An important point that hooks mentions here is that in order to utilize teaching as a means to liberate and empower students, teachers must first realize it their voice is not the only voice of value. The student has a voice that must be heard by both the teacher and their fellow students. It is important for the teacher to uplift and amplify this voice in a way that allows the student to recognize they are capable of participating in a dialectical exchange of ideas.

One of the major challenges in establishing an engaged learning space is the fear that deviating from the traditional way will result in loss of the students’ respect. Hooks mentions that students often confuse the lack of formality with a lack of seriousness, and lose respect for the process. In her dialogue with white philosopher Ron Scapp, he reveals that because he teaches in an informal manner, many students come an go to the class as they please, not respecting it as a legitimate class. In instances such as these, hooks emphasizes the importance of reminding her students to respect the learning process even when it is different than what they are used to.

In examining liberatory teaching practices, hooks cites an instance in which she encountered her first professor who wanted the class to sit in a circle rather than in rows, a change she eagerly embraced. I personally had a similar experience in my most recent quarter in college, and viewed it as an earnest effort to dismantle traditional patriarchal learning structures.

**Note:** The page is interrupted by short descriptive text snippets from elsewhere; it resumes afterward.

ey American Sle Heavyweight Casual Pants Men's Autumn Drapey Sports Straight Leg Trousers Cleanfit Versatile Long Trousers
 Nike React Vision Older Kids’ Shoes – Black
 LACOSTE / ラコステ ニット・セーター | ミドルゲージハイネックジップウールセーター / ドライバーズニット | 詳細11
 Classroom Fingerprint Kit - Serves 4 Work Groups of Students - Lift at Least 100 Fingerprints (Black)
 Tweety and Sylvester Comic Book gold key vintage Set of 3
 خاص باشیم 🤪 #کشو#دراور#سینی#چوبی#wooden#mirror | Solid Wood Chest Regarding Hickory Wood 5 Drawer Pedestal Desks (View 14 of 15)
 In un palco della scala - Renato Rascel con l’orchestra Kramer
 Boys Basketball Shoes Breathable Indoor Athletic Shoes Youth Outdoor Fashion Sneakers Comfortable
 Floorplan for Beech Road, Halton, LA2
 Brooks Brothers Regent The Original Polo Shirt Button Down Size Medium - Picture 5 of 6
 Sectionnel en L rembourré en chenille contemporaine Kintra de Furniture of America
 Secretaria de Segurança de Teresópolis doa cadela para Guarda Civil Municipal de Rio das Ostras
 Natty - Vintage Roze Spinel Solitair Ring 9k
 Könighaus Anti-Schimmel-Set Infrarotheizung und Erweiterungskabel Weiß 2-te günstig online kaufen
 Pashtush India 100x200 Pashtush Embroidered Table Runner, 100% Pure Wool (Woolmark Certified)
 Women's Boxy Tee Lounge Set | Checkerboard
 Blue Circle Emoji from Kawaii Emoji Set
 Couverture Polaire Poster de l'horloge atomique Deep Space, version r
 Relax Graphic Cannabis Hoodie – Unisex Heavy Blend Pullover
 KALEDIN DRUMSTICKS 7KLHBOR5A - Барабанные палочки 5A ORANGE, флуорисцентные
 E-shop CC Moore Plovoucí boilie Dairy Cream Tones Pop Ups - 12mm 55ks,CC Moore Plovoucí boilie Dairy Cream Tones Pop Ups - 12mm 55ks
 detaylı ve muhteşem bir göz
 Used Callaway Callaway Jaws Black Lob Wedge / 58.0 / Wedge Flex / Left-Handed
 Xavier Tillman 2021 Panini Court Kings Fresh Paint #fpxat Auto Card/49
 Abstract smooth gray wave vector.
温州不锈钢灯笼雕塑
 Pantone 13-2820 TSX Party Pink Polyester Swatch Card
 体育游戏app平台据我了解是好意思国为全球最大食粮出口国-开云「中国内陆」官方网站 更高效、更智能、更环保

Hooks concludes her dialogue with the interesting idea that in order to sustain an engaged teaching environment, job-sharing and job-switching between teachers must be established. She explains that many teachers reject the idea of engaged pedagogy because they fear the damage the lack of time-off will have on them. This can be addressed if teachers can afford and are encouraged to take a leave of absence that isn’t necessarily a sabbatical while someone else fills in.

Hooks’ proposal to establish learning communities where engaged learning and teaching can be sustained, is incredibly important to dismantling the traditional power structures that exist today that insist so adamantly on clinging to the past.